Roxburghe Estate’s conservation status

The Duke of Roxburghe, SLE chairman David Johnstone and Roxburgh Estates factor Roddy Jackson at the Border Union Show.
The Duke of Roxburghe, SLE chairman David Johnstone and Roxburgh Estates factor Roddy Jackson at the Border Union Show.

Roxburghe Estates has been given national accreditation for its outstanding work on wildlife, habitat and conservation management.

Wildlife Estates Scotland accreditation was presented to the Duke of Roxburghe and estate factor Roddy Jackson by Scottish Land & Estates chairman David Johnstone at the Border Union Show, Kelso.

Covering around 52,000 acres, Roxburghe Estates encompasses land from grassy slopes of the Cheviot Hills and the heather clad moorland of the Lammermuirs to the fertile land of the Tweed valley.

Land management activity includes farming, forestry and sporting and the award was made following a rigorous accreditation process, which demonstrates that the estate is observing best practice in its management regime.

Recent conservation projects at Roxburghe include a five-year programme to enhance biodiversity and habitat on moorland at Byrecleugh and Rawburn in the Lammermuirs, benefiting birds such as curlew, lapwing, snipe and black grouse.

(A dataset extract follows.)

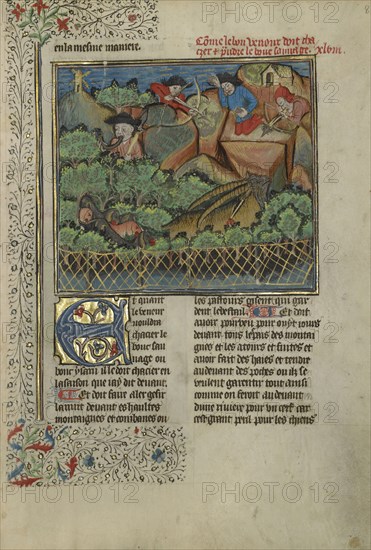 A Hunter and Dogs Pursuing Wild Goats; Brittany, France; about 1430 - 1440; Tempera colors, gold paint, silver paint, and gold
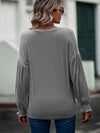 Round Neck Dropped Shoulder Flounce Sleeve T-Shirt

The estate has also been developing a project to restore grey partridge numbers on lowground at Roxburgh, with 43 pairs in 2012 building to 127 pairs by 2017.

David Johnstone, chairman of Scottish Land & Estates, said: “It is only right that the excellent game, wildlife and habitat management that takes place on our farms and estates is recognised publicly.

“Owners and managers of WES accredited estates and farms should be proud of the work they have done, often over many years, to enhance their land for wildlife and encourage the many species that now live there.”

Roddy Jackson, factor at Roxburghe Estates, said: “The award of WES accreditation is significant testament to the hard work of all the staff across the estate. The conservation and habitat projects we’ve been working on have been hugely beneficial to both the estate and to local wildlife and a scheme such as WES helps us document what we have been doing.”